Nice ~90x real-time generation on 3090TI. Quickstart provided.
I first tried an ONNX implementation, but the PyTorch implementation seems much faster for my homelab setup.
kokoro-tts pytorch quickstart
Here is how I got the the PyTorch implementation running on CUDA for benchmarking and testing vs this particular ONNX implementation repo.
# grab hf repo code but not large files (or use git lfs or `huggingface-cli` etc)
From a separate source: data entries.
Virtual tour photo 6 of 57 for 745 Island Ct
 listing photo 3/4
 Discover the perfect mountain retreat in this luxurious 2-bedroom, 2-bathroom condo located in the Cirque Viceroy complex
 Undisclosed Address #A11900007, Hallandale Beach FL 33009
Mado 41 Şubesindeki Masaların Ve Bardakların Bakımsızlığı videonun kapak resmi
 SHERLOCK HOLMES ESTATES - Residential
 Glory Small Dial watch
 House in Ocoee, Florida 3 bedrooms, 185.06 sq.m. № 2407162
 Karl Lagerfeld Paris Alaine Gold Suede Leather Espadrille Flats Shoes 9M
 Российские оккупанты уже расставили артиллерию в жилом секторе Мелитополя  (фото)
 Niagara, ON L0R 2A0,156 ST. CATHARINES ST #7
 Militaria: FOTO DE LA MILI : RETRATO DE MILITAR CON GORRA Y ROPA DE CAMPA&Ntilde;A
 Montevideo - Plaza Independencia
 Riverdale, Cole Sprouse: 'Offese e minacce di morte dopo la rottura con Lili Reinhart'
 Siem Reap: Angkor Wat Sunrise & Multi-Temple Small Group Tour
git clone https://huggingface.co/hexgrad/Kokoro-82M
cd Kokoro-82M
# put the model and at least one voice file into place manually overwriting LFS placeholders
wget -O kokoro-v0_19.pth 'https://huggingface.co/hexgrad/Kokoro-82M/resolve/main/kokoro-v0_19.pth?download=true'
wget -O voices/af_sky.pt 'https://huggingface.co/hexgrad/Kokoro-82M/resolve/main/voices/af_sky.pt?download=true'
# setup venv
python -m venv ./venv
source ./venv/bin/activate
# install deps (can use `uv pip` instead)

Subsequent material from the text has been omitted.